+++ Data segment +++

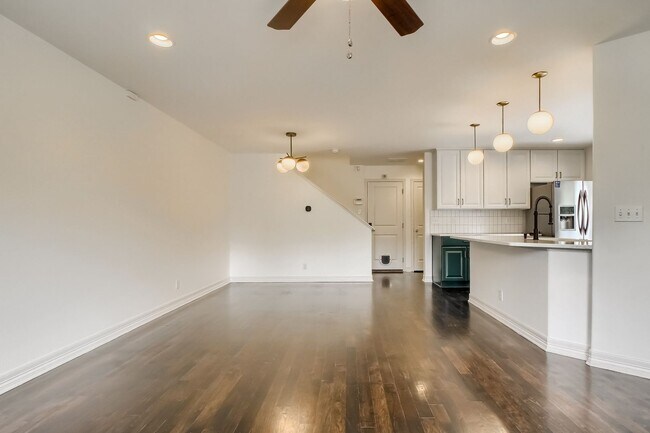 Building Photo - Beautiful 3 bedroom townhome in Central Pa...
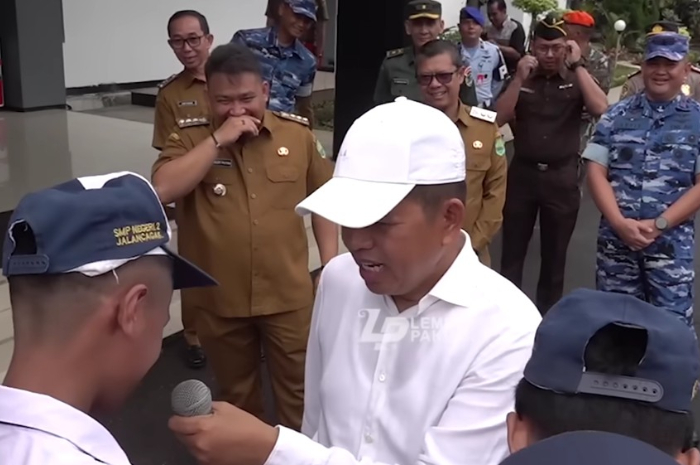 Salah satu siswa SMP di Kabupaten Subang mengaku sering bolos kepada Gubernur Jawa Barat, Dedi Mulyadi.
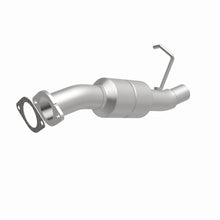 Load image into Gallery viewer, MagnaFlow Exhaust Products 4551006 California CARB Direct-Fit Catalytic Converter for Select Chevrolet Silverado HD, Chevrolet Silverado HD Classic, Chevrolet Silverado Classic, GMC Sierra HD, GMC Sierra HD Classic, GMC Sierra Classic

+++

Exercise prompt: Restate the data word for word, minus any images.

The answer:
 Building Photo - Beautiful 3 bedroom townhome in Central Pa...
 Salah satu siswa SMP di Kabupaten Subang mengaku sering bolos kepada Gubernur Jawa Barat, Dedi Mulyadi.
 Load image into Gallery viewer, MagnaFlow Exhaust Products 4551006 California CARB Direct-Fit Catalytic Converter for Select Chevrolet Silverado HD, Chevrolet Silverado HD Classic, Chevrolet Silverado Classic, GMC Sierra HD, GMC Sierra HD Classic, GMC Sierra Classic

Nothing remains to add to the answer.